And I'm Ari Shapiro in Keyser, W.V., where you can see a shift the entire country is experiencing towards renewable energy. The country's first major climate policy, known as the Inflation Reduction Act, gave that transition a boost. It passed with the key vote of Senator Joe Manchin, Democrat of West Virginia.

Like many towns in this state, Keyser used to depend on coal. This railroad track running through the center of town ran nonstop with coal trains. Right now, it's quiet. But on the snowcapped mountains in the distance, a long row of wind turbines slowly spin in the breeze. You can see the turbines and the railroad tracks from the window of Queen's Point Coffee shop, where I met Keyser's mayor, Damon Tillman.

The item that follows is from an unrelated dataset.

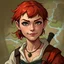 Placeholder: dnd mapmaker girl with red short haircut with suspicios smile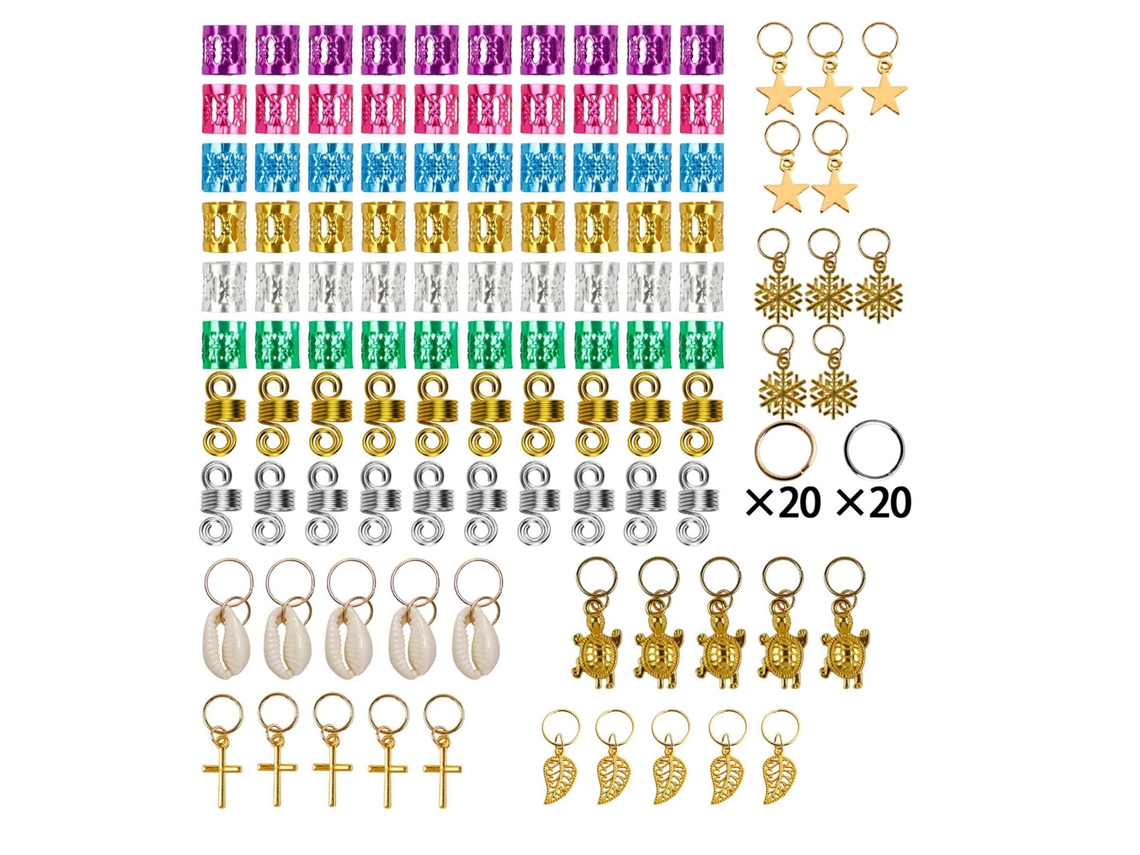 150 pçs Brazaletes De Pelo De Metal Coloridos Con Decoraciones De Colgantes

DAMON TILLMAN: Energy is huge in this town. And without it, we wouldn't have very much.

SHAPIRO: Mayor Tillman grew up in Keyser. He's been head of the city government for six years. And he says lots of people here who didn't work directly in the coal mines still had jobs that depended on the industry, like on the railroads. But that all started disappearing back in the 1970s with automation. By the time renewable energy came along, the coal industry was already a fragment of what it had been.

And today?

TILLMAN: It's gone. I mean, the coal industry is about phased out.

SHAPIRO: It struck me last night, just at the hotel, at the place we ate dinner - you could see the people who work in coal mines because they had black dust on their face and hands and clothes.

TILLMAN: It's almost like your trophy, saying, hey, I worked hard for the day...


TILLMAN: ...You know? And I just want something to eat and go home.

SHAPIRO: And how much of that is also just about identity - like, this is who we are and who we've always been?

TILLMAN: It is. It's part of that Appalachian Mountain thing, you know? I think people are very proud of who they are and where they're from.

SHAPIRO: I'm curious, you know, with the support of Joe Manchin of West Virginia, the Biden administration got the Inflation Reduction Act, which has a lot of federal money coming to places like West Virginia to transition towards clean energy. So on the one hand, you're getting money and jobs and tax benefits, and on the other hand, you're getting a push away from what has been the energy source for this state for a very long time. How do you balance those two things?

TILLMAN: Well, that's true, but let me say this first - is, yes, Joe Manchin did get a lot of - and I like Joe. I mean, I talk to him a good bit. But the thing is, a city like Keyser don't ever see any of that money. Hardly ever would - will we see any money from that.

SHAPIRO: I mean, just to be blunt, do you wish he had voted against it?

TILLMAN: I do. I do.

SHAPIRO: And what does he say when you tell him that?

TILLMAN: Well, I've never told him that.

SHAPIRO: (Laughter).

TILLMAN: So Joe, if you hear me, there you go, bud (laughter). You've seen how the people in Keyser live. You know, I'm not saying we are poor people. I'll tell you, we're proud people.



TILLMAN: Like, the Davisson brothers - you know, that's a band from Bridgeport, W.V. You know, they got a song out called "Po' Boyz."


DAVISSON BROTHERS BAND: (Singing) From the beat-up towns all around, nothing but dirt and hand-me-downs. It ain't our choice. We're just po' boyz (ph).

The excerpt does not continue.